By Christopher “Mac” MacDonald

Marshall McLuhan, in his famous 1964 book,  Understanding Media: The Extensions of Man,  declared that “the medium is the message”

”McLuhan proposes that a communication medium itself, not the messages it carries, should be the primary focus of study. He showed that artifacts as media affect any society by their characteristics, or content.” (Wikipedia summation).

Nicholas Caarr, in his important book, The Shallows: What the Internet is Doing to Our Brains, starts also with McLuhan in 1964 but has the advantage of applying all that we have learned since then about neuro-plasticity )how the human brain swiftly adapts , repairs and is malleable) so that he is able to offer in more alarming insights into how the Internet is literally changing how we think, not just what we think.
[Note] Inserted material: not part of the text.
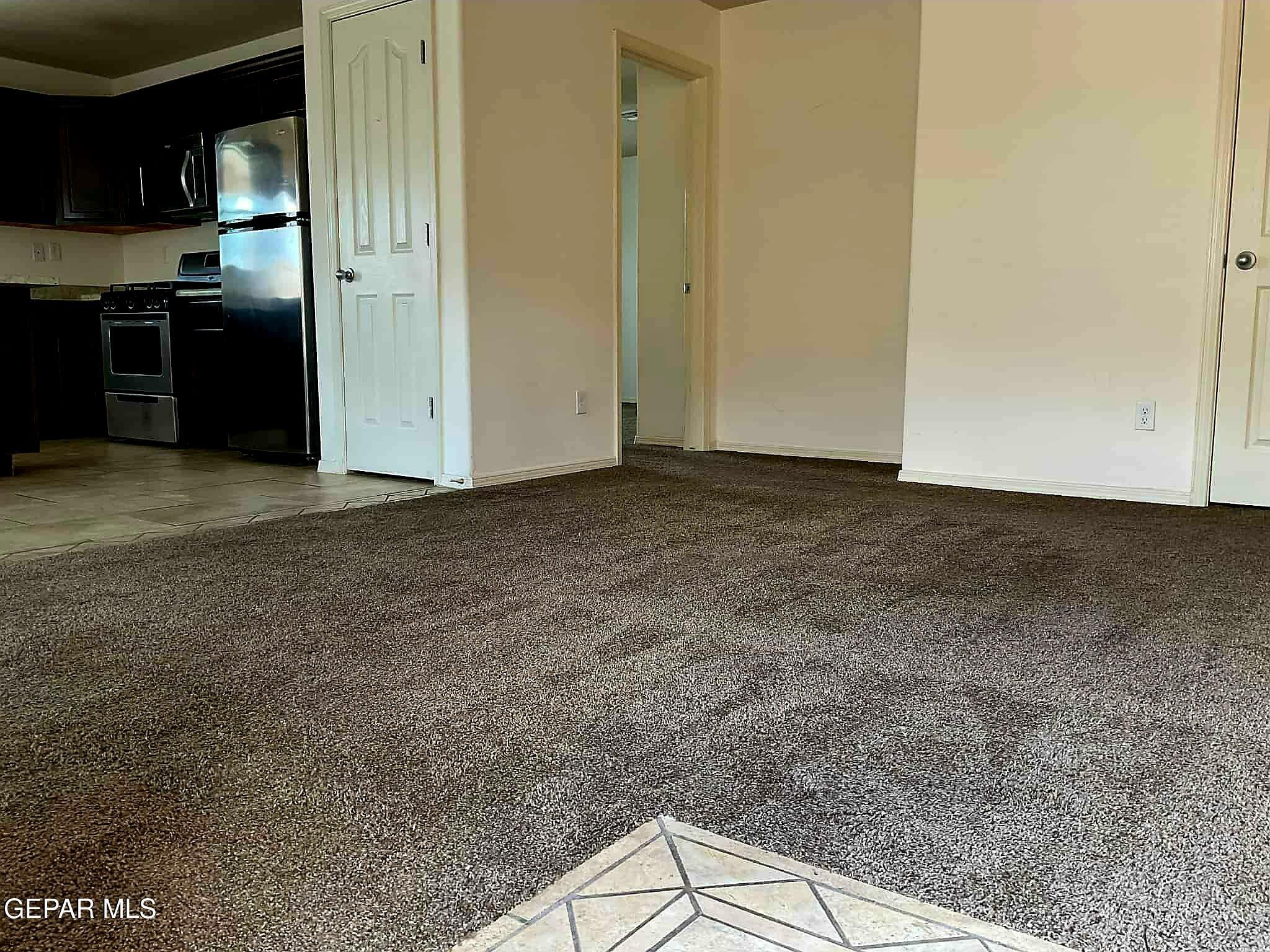 Property Photo: 2409 Foggy Point Drive TX 79938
Carr, while taking care  to note all the real advantages and pluses that the internet has given people like himself (and I whole-heartedly agree as Google has helped me swiftly unearth vast sources in minutes – which would have – decades ago, taken me days to excavate from library stacks) He notes the reality that not only is the  “medium the message” – it is also changing how we think:

The boons are real. But they come at a price. As McLuhan suggested, media aren’t just channels of information. They supply the stuff of thought, but they also shape the process of thought. And what the Net seems to be doing is chipping away my capacity for concentration and contemplation. Whether I’m online or not, my mind now expects to take in information the way the Net distributes it: in a swiftly moving stream of particles. Once I was a scuba diver in the sea of words. Now I zip along the surface like a guy on a Jet Ski. (The Shallows, Chapter One, Kindle edition).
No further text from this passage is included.